Tab Interview: Simon Bird

Simon Bird talks to HOLLY STEVENSON about The Inbetweeners, Footlights and life since Cambridge.

Cambridge University Fez Footlights may balls Queens' simon bird the inbetweeners

Simon Bird, aka Will from The Inbetweeners and former Footlights president, imparted many pearls of wisdom about university life, writing and the comedy business to me. However, he gave me one nugget before he even picked up the phone: never, ever use his mobile network.

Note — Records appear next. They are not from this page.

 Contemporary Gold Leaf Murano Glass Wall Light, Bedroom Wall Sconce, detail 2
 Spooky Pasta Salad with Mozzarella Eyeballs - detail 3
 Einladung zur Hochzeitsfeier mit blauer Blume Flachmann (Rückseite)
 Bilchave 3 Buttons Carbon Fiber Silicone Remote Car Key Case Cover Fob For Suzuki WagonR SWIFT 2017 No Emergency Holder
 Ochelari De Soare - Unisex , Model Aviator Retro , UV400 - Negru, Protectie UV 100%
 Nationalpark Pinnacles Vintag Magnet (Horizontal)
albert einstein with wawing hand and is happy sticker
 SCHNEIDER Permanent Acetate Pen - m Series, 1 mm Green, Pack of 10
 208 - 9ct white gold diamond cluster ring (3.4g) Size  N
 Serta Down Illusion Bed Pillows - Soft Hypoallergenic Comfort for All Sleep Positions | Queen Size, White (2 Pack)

After hearing the electronically dulcet tones of ‘this phone is currently unavailable; please try again later,’ several times, I finally got through. I asked Simon which exotic location he was residing in, wondering whether he was in the middle of a desert or up a mountain. ‘No,’ he replied, ‘I’m in the middle of London. Apparently an Orange phone can’t handle that.’ Under instruction not to move a nanometre, I proceeded to question one of the biggest enigmas on the young comedy scene.

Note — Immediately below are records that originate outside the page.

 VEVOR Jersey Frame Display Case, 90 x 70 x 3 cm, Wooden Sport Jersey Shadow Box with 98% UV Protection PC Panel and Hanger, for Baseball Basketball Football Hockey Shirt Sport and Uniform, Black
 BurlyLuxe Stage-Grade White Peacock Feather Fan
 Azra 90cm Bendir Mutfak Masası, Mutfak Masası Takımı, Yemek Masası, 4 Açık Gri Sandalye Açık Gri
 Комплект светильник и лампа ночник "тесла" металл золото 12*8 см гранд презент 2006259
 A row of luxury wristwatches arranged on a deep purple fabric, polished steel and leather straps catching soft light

It’s hardly surprising that Simon Bird is a bit of a mystery beyond his cringe-inducing, hide-behind-the-sofa-in-embarrassment role as Will McKenzie in The Inbetweeners. An alumnus of the prestigious Royal Grammar School, Surrey, and of Queens’ College, Cambridge, his educational background speaks more of silver spoons and secret meetings at the Pitt Club than Rudge Park Comprehensive. However, his reticence is more to do with humility than any attempt at ‘cool’.

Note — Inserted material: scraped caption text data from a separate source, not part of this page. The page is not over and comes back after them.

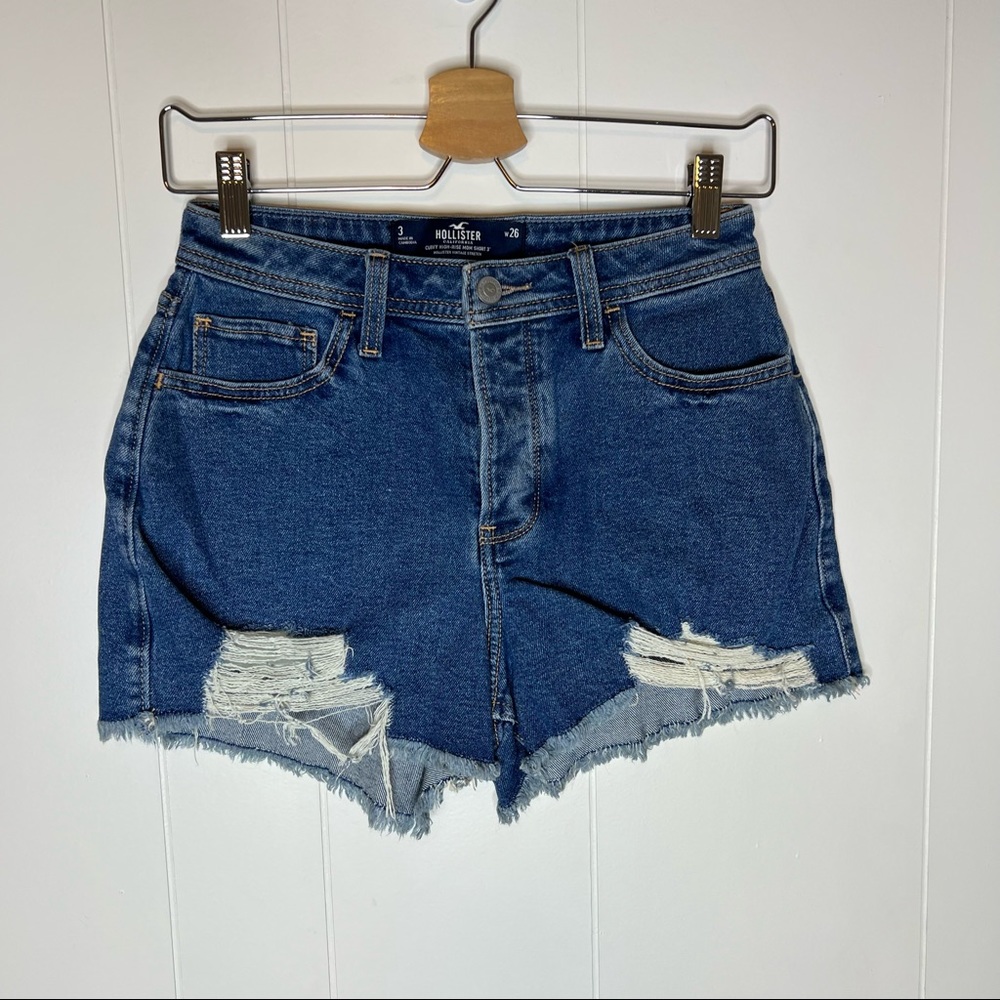 Hollister High Waisted Jeans Shorts Distressed Sz 26
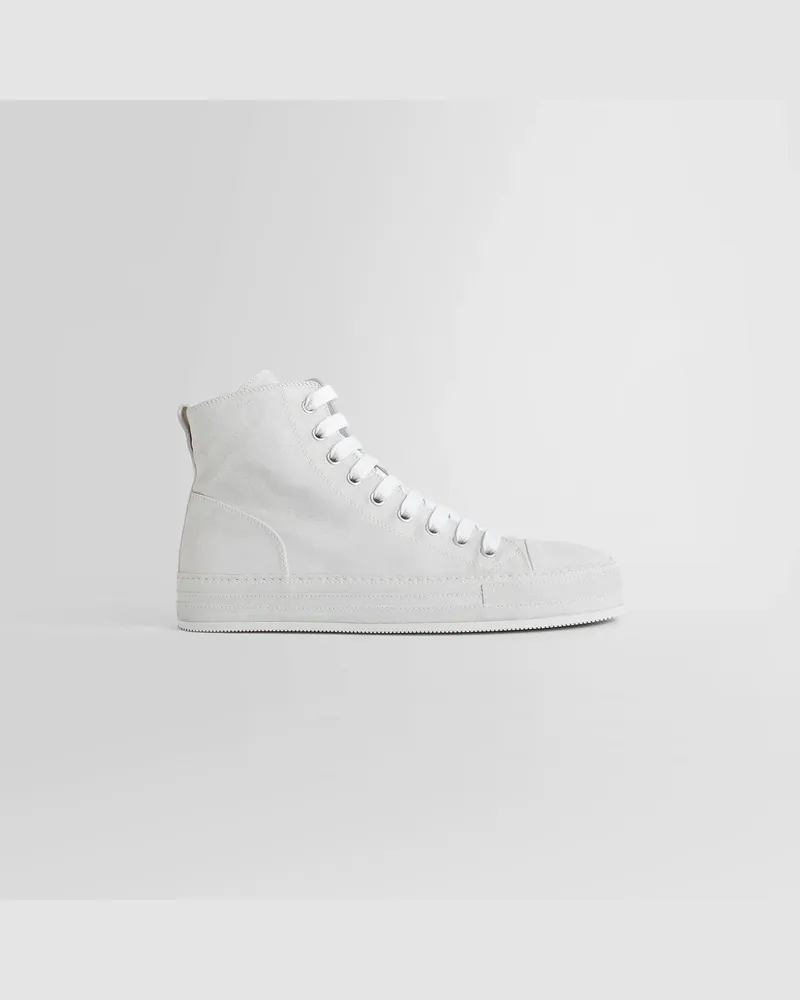Ann Demeulemeester Crosta Painted Raven High-Top Sneakers White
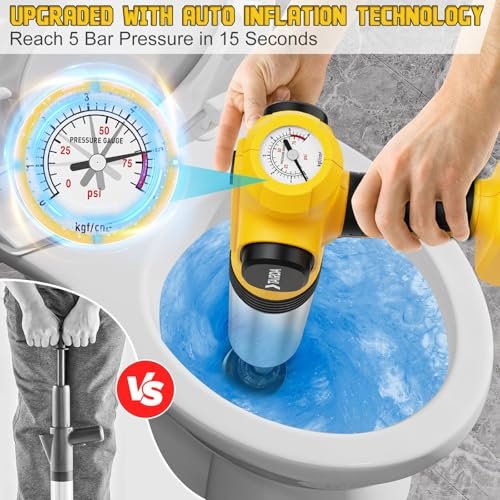 Electric Toilet Plunger Compatible for Dewalt 20v Battery(NO Battery), Cordless Toilet Plunger with Auto-Pressurized, NO Splashes & 3 Heads, Drain Unclogger Tool for Bathroom Shower Floor(Bare Tool)
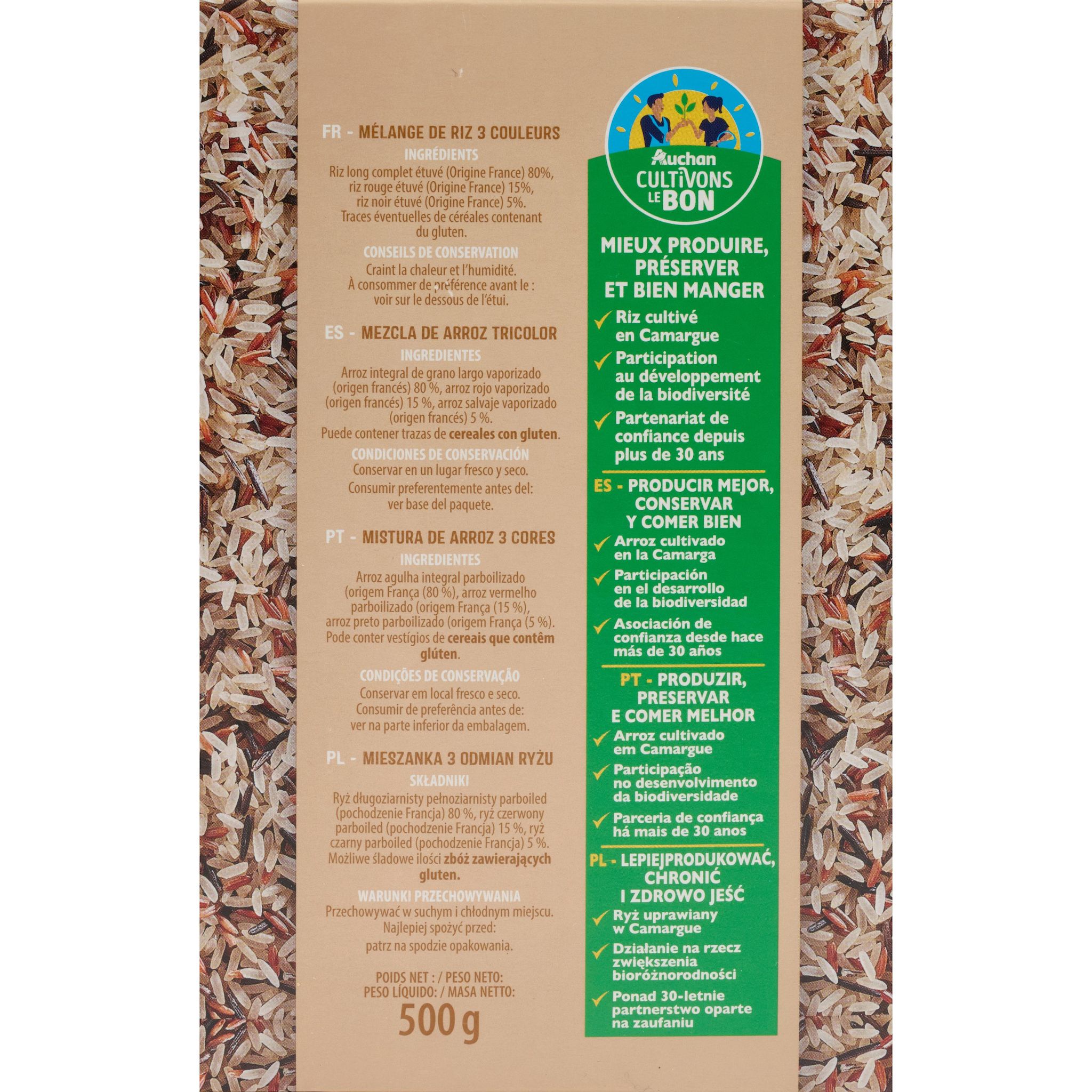 Voir la diapositive 2 : AUCHAN CULTIVONS LE BON Riz 3 couleurs cultivé en France 500g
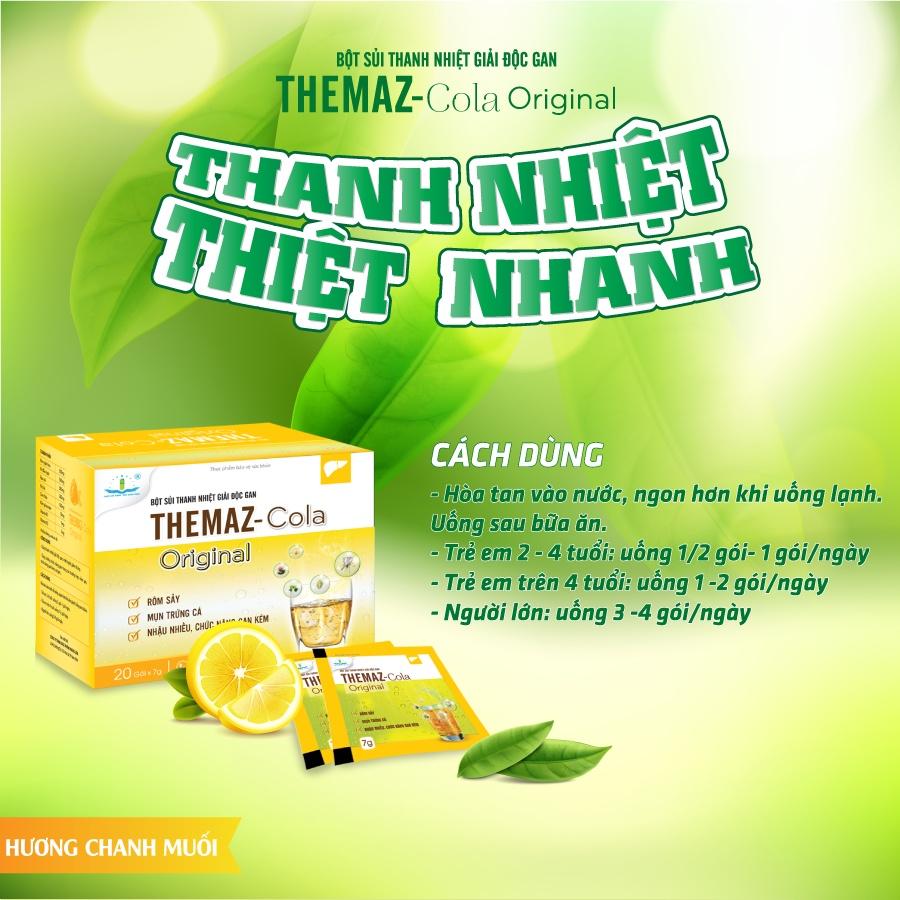 BỘT SỦI THANH NHIỆT GIẢI ĐỘC GAN THEMAZ COLA VỊ CAM , CHANH,CHERY, CHANH MUỐI - 20 GÓI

When asked why he never talks about his time in Cambridge, he said: ‘I think there’s a feeling, especially in the comedy world, that people might think if you go on and on about being in the Footlights that you feel in some way entitled to succeed in comedy. So a lot of recent graduates of Cambridge, and Footlights in particular, go out of their way to avoid mentioning it, so they don’t come across as smug.


The Inbetweeners Season 1 Episode 4

‘I imagine keeping the Cambridge thing under wraps started happening around the year after Peter Cook left (around 1960!); people didn’t want to feel like they were using other people’s success as a passport to their own. It’s also something I learnt from the generation of comedians to come from Footlights before me; people like Mark Watson. I really respect them.’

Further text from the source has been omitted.